In saying that though, there is a tendency to treat such interesting expeditions as the curios that they undoubtedly are, the idea that this "tampering" of the continuum, this cross-contamination of cultures might simply wind up as an intriguing artifact destined to be buried and unearthed years from now like a kind of misplaced trinket.That this album should exist, let alone succeed is a quiet miracle in itself, but its success lies within the producers' ability to fill it full of the wide-eyed excitement and amazement that's become stereotypical of the wandering backpacker attempting to shake hands with the great wide world. Make no mistake though, this isn't a Mala & Friends ensemble piece; though the project began with Lawrence playing host to a variety of local artists, playing skeletal 140bpm beats and inviting improvisation, Mala In Cuba
is very much Mala
's interpretation of Cuban music, set against a bedrock of cast-down bass intrigue and serpentine drum loops.

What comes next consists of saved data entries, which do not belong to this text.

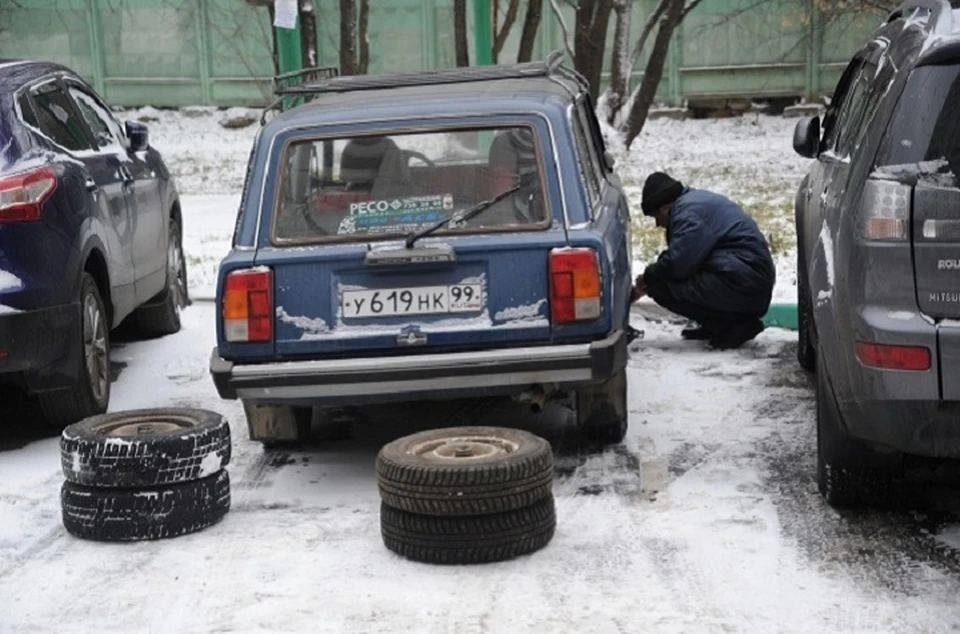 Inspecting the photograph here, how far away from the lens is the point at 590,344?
6164 mm

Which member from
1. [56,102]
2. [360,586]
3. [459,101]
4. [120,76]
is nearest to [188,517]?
[360,586]

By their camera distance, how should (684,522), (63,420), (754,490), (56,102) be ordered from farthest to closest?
(56,102), (63,420), (754,490), (684,522)

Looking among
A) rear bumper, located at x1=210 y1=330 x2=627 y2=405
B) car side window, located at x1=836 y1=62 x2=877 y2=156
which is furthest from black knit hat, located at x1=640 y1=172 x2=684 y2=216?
rear bumper, located at x1=210 y1=330 x2=627 y2=405

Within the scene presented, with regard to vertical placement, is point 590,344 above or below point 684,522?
above

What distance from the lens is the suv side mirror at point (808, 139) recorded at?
7.27 m

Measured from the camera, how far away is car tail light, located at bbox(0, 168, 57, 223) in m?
6.84

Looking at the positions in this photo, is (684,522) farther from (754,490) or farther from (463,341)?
(463,341)

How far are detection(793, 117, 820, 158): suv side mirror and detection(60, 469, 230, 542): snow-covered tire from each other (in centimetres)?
324

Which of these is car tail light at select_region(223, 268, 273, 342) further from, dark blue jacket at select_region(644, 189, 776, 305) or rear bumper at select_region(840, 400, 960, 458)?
dark blue jacket at select_region(644, 189, 776, 305)

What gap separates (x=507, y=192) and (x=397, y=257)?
0.60 meters

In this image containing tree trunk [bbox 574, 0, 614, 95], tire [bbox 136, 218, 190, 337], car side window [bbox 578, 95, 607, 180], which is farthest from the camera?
tree trunk [bbox 574, 0, 614, 95]

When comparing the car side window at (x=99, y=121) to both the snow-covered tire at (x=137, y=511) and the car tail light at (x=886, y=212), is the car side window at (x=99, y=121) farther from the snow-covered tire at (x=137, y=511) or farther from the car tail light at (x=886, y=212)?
the car tail light at (x=886, y=212)

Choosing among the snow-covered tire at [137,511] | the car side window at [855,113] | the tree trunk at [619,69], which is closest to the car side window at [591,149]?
the car side window at [855,113]

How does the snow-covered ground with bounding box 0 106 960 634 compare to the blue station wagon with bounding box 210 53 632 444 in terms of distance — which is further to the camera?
the blue station wagon with bounding box 210 53 632 444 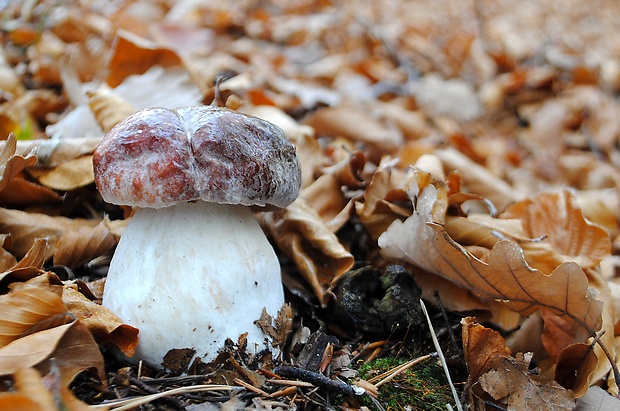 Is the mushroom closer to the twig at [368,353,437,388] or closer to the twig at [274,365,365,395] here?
the twig at [274,365,365,395]

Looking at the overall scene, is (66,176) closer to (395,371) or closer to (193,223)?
(193,223)

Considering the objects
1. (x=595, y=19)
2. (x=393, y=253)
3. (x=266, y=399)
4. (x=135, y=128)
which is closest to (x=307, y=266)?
(x=393, y=253)

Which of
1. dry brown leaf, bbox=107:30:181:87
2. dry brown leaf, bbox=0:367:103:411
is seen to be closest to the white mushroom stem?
dry brown leaf, bbox=0:367:103:411

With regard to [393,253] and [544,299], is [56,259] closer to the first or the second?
[393,253]

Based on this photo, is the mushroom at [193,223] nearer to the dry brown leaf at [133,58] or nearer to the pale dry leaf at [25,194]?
the pale dry leaf at [25,194]

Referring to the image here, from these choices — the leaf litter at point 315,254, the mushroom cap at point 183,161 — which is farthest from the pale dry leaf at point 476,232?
the mushroom cap at point 183,161

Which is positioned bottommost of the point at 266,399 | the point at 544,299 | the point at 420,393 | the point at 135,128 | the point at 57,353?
the point at 420,393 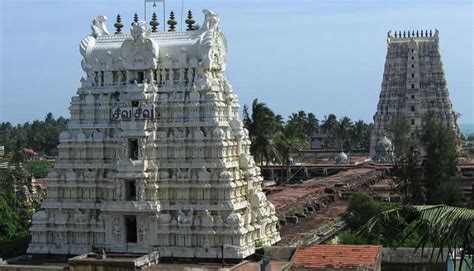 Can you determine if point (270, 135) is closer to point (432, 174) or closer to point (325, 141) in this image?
point (432, 174)

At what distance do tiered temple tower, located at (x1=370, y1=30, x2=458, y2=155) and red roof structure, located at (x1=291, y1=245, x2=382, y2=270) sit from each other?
2648 inches

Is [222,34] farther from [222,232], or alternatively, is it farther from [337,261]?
[337,261]

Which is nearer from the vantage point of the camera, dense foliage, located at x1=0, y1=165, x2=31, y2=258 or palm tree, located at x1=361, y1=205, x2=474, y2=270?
palm tree, located at x1=361, y1=205, x2=474, y2=270

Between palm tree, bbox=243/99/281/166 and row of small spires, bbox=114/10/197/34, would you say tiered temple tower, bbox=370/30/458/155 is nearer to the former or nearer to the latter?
palm tree, bbox=243/99/281/166

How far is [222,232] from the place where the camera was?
32.5 metres

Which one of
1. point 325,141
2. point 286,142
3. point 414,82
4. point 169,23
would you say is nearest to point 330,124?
point 325,141

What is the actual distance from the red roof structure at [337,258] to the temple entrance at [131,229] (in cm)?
660

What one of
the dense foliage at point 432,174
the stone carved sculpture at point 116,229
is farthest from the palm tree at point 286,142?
the stone carved sculpture at point 116,229

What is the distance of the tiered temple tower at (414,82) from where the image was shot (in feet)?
321

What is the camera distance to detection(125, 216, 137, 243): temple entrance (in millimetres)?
34125

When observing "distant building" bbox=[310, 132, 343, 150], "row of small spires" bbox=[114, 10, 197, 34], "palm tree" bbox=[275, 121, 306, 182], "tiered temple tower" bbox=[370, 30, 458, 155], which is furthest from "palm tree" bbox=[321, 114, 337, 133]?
"row of small spires" bbox=[114, 10, 197, 34]

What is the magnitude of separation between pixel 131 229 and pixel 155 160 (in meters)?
2.84

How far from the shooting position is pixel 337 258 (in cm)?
3027

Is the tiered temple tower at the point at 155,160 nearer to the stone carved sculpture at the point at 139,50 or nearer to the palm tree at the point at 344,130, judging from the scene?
the stone carved sculpture at the point at 139,50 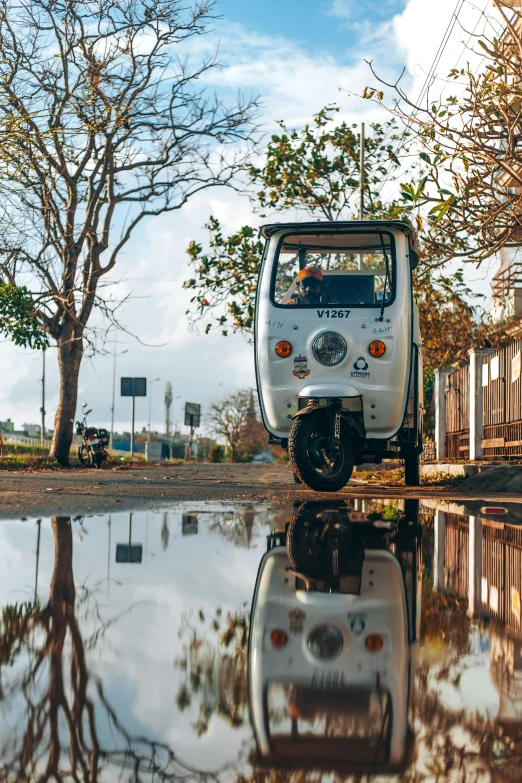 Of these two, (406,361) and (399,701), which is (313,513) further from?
(399,701)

As such, this unconventional marriage winds up being one that's most conventional, with the traffic of conversation decidedly one way. With a purported 60gigs of free based material to work with there is a kind of sad acceptance to be had in the idea that perhaps more couldn't have been made with the music on hand, that this newly minted relationship, one that spans thousands of miles couldn't perhaps be a touch more amicable to each other, instead of regarding the other as a distant acquaintance. A cheeky piano melody may strike up at one end of the spectrum (mischievous when developed under Mala's watchful eye), and a circle of percussionists banging out mantras on their timbales may stoke their fires on the other, but more often than not are they simply ear candy, leftfield samples (live recordings cut and looped to be more accurate) culled from a unique source. Despite its title, Mala In Cuba
is still London through and through; it might be the hastily scrawled note on the back of a postcard delivered from parts unknown, but the writer is very much dreaming of home. For an album created under the pretense of experimentation Mala plays it almost dead straight, and while the fish out of water characteristic might be a perfect fit for the idea of the album, it's one uncharacteristic for a producer who is notoriously reticent about what he puts out.
While 'Ghost' or 'The Tourist' do manage to shed some light on the adventurous streak of the album, there's a 'Curfew' or 'The Tunnel' to rein it back into a world of subway cars and roads choked with pedestrians migrating en masse to their 9 to 5's. It doesn't stop the album from being of the refreshing variety, but its trailblazing feels distant and second hand, like a sign that reads "Mala Was Here". Mala In Cuba
isn't the spirit of a proud lion relocating, but rather the retelling of an event we weren't apart of, brushed up into something uniquely enjoyable on at least some level.